- Assignment -
Each line starting at the one that contains "Instagram上新晉的性感女神排行 Elsa Hosk前段時間剛參加維密大秀" and ending at the one that contains "二上山の麓にある大池から望む街並み" must be returned exactly, and the rest of the listing is left out.

►

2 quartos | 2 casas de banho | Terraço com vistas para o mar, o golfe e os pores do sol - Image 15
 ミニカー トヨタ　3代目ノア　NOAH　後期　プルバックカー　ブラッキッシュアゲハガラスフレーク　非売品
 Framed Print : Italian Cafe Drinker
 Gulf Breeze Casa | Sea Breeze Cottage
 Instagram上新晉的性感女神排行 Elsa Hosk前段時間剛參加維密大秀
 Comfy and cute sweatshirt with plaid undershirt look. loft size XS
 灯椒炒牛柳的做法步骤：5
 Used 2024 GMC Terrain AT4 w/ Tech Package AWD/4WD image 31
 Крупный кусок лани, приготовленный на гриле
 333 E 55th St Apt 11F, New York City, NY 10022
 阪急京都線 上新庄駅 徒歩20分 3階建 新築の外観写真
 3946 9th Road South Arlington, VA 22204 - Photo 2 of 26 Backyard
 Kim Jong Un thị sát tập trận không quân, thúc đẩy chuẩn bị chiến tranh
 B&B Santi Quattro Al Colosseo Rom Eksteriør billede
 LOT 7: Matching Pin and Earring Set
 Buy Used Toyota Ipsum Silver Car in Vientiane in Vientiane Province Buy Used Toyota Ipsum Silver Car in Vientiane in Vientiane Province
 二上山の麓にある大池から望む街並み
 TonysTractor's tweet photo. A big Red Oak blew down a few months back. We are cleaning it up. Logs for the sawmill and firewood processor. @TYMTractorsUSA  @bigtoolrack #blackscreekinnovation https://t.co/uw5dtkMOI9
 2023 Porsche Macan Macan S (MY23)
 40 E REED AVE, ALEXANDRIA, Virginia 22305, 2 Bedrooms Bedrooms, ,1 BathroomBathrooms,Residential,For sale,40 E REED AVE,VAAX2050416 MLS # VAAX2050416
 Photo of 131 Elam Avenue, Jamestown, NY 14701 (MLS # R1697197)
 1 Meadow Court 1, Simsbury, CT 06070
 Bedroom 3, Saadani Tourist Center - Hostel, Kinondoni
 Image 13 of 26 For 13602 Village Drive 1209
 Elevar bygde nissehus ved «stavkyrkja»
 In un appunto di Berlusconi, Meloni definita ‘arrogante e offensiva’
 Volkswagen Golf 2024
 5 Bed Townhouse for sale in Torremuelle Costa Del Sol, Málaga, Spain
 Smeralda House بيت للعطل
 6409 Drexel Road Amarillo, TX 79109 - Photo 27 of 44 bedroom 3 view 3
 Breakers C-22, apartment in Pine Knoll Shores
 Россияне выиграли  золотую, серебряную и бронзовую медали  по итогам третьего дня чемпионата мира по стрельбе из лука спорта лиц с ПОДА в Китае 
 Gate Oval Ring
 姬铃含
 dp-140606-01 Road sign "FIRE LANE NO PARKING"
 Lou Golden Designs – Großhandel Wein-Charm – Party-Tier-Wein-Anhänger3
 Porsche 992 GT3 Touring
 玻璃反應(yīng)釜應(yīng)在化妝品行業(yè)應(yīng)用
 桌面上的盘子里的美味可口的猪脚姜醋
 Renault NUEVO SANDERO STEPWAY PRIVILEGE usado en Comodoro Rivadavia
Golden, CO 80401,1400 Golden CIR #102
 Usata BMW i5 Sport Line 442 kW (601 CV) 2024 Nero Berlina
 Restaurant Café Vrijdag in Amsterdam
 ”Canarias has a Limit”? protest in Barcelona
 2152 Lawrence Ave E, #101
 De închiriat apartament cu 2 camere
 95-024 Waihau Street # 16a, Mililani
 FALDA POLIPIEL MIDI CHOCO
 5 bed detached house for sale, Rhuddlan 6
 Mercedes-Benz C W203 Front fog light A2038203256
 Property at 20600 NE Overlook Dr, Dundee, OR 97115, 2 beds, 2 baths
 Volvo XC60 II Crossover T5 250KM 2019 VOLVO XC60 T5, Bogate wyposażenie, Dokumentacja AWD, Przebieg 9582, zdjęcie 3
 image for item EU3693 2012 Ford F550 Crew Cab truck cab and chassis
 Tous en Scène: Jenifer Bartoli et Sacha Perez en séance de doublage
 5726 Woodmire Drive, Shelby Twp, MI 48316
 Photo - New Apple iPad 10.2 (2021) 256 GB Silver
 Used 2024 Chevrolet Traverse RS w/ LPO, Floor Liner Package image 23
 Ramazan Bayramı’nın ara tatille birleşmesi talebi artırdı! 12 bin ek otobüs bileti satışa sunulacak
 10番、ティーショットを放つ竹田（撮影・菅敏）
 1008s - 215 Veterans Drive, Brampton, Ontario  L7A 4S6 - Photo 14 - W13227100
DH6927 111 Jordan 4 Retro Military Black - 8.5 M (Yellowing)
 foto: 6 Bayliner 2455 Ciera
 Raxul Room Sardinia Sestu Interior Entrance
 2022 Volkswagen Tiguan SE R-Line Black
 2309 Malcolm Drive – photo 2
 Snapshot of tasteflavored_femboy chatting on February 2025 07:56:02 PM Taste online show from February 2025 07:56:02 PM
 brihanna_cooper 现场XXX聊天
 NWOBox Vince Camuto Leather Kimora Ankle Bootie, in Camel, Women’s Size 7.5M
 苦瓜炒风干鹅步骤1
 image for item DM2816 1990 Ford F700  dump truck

◄

- Expected answer -
 Instagram上新晉的性感女神排行 Elsa Hosk前段時間剛參加維密大秀
 Comfy and cute sweatshirt with plaid undershirt look. loft size XS
 灯椒炒牛柳的做法步骤：5
 Used 2024 GMC Terrain AT4 w/ Tech Package AWD/4WD image 31
 Крупный кусок лани, приготовленный на гриле
 333 E 55th St Apt 11F, New York City, NY 10022
 阪急京都線 上新庄駅 徒歩20分 3階建 新築の外観写真
 3946 9th Road South Arlington, VA 22204 - Photo 2 of 26 Backyard
 Kim Jong Un thị sát tập trận không quân, thúc đẩy chuẩn bị chiến tranh
 B&B Santi Quattro Al Colosseo Rom Eksteriør billede
 LOT 7: Matching Pin and Earring Set
 Buy Used Toyota Ipsum Silver Car in Vientiane in Vientiane Province Buy Used Toyota Ipsum Silver Car in Vientiane in Vientiane Province
 二上山の麓にある大池から望む街並み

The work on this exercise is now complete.